# Your objective:
The response must be a precise copy of the records that follow.

Stored data entries

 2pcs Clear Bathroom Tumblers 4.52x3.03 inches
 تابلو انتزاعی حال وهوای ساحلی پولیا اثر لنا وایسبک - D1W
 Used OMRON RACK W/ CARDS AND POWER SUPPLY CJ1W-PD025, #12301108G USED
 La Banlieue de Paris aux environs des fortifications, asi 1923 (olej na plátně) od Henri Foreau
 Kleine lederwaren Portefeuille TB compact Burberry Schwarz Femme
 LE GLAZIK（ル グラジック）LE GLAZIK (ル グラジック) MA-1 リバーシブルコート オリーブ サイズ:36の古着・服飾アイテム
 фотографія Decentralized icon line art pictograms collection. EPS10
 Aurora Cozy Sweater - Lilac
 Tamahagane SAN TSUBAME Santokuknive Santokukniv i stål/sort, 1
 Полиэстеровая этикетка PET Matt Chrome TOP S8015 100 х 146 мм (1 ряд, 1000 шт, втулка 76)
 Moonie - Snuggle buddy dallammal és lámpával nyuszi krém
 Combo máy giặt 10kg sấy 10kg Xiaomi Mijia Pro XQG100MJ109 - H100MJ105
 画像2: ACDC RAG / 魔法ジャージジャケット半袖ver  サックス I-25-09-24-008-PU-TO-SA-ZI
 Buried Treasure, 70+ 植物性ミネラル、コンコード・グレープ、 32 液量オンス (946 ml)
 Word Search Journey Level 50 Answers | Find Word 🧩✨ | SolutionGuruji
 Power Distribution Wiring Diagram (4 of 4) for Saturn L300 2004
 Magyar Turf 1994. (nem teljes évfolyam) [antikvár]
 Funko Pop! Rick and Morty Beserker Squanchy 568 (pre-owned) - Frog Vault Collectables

# Written solution:
 2pcs Clear Bathroom Tumblers 4.52x3.03 inches
 تابلو انتزاعی حال وهوای ساحلی پولیا اثر لنا وایسبک - D1W
 Used OMRON RACK W/ CARDS AND POWER SUPPLY CJ1W-PD025, #12301108G USED
 La Banlieue de Paris aux environs des fortifications, asi 1923 (olej na plátně) od Henri Foreau
 Kleine lederwaren Portefeuille TB compact Burberry Schwarz Femme
 LE GLAZIK（ル グラジック）LE GLAZIK (ル グラジック) MA-1 リバーシブルコート オリーブ サイズ:36の古着・服飾アイテム
 фотографія Decentralized icon line art pictograms collection. EPS10
 Aurora Cozy Sweater - Lilac
 Tamahagane SAN TSUBAME Santokuknive Santokukniv i stål/sort, 1
 Полиэстеровая этикетка PET Matt Chrome TOP S8015 100 х 146 мм (1 ряд, 1000 шт, втулка 76)
 Moonie - Snuggle buddy dallammal és lámpával nyuszi krém
 Combo máy giặt 10kg sấy 10kg Xiaomi Mijia Pro XQG100MJ109 - H100MJ105
 画像2: ACDC RAG / 魔法ジャージジャケット半袖ver  サックス I-25-09-24-008-PU-TO-SA-ZI
 Buried Treasure, 70+ 植物性ミネラル、コンコード・グレープ、 32 液量オンス (946 ml)
 Word Search Journey Level 50 Answers | Find Word 🧩✨ | SolutionGuruji
 Power Distribution Wiring Diagram (4 of 4) for Saturn L300 2004
 Magyar Turf 1994. (nem teljes évfolyam) [antikvár]
 Funko Pop! Rick and Morty Beserker Squanchy 568 (pre-owned) - Frog Vault Collectables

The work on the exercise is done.